En el pueblo hay un artista local que parece tener un museo muy curioso. Mi intención era ir a verlo, pero después de descansar me fui a pasear y a leer al río. El lugar es un remanso de paz, un parque en el que se combinan a la perfección la naturaleza sin domesticar con algunos merenderos perfectamente integrados.

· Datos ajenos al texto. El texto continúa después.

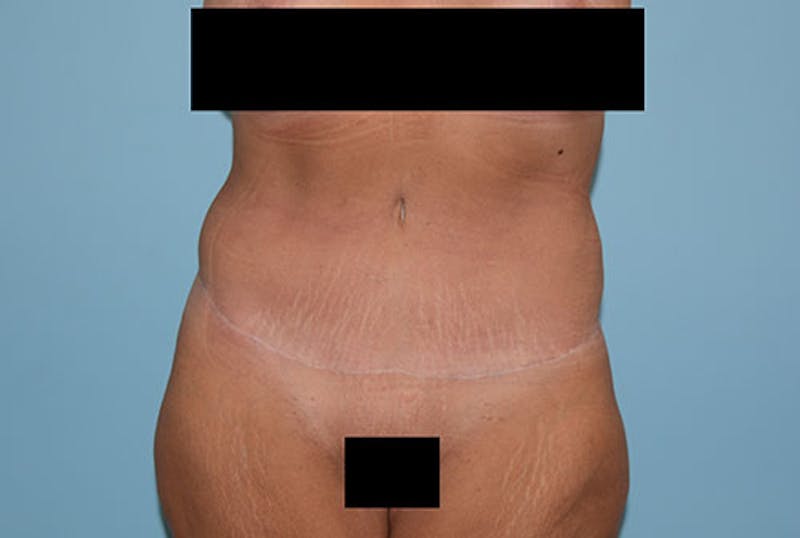 Tummy Tuck Gallery - Patient 12898873 - Image 2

Al volver al albergue, se me acercó José Antonio Soriano, un joven muy interesante que me habló de su trabajo, de sus amigos, y de cómo estaba haciendo el camino por sus abuelos. Buen tipo José Antonio, me regaló una concha de peregrino y me pidió que rezara por su abuela. Yo le dije que lo haría Inés, mi hija, que estaba mucho más cerca de dios que yo. Nos estrechamos la mano y, cuando me vio los pies, me trajo a unos compañeros suyos de viaje para que me los curaran. José Antonio es profesor de secundaria, sus amigos son enfermeros. No me dejaron que fuera a comprar nada a la farmacia. Todo lo que usaron lo llevaban ellos. El cuidado, la atención y la generosidad con que me cuidaron me recordaron de nuevo que alguna gente es estupenda.

Luego, compré en la tienda y hablé por teléfono sentado al sol hasta que éste se puso. De nuevo siento el privilegio de revivir en estas conversaciones lo mejor de cada día mientras éste, hoy, ahora, ya, se va apagando.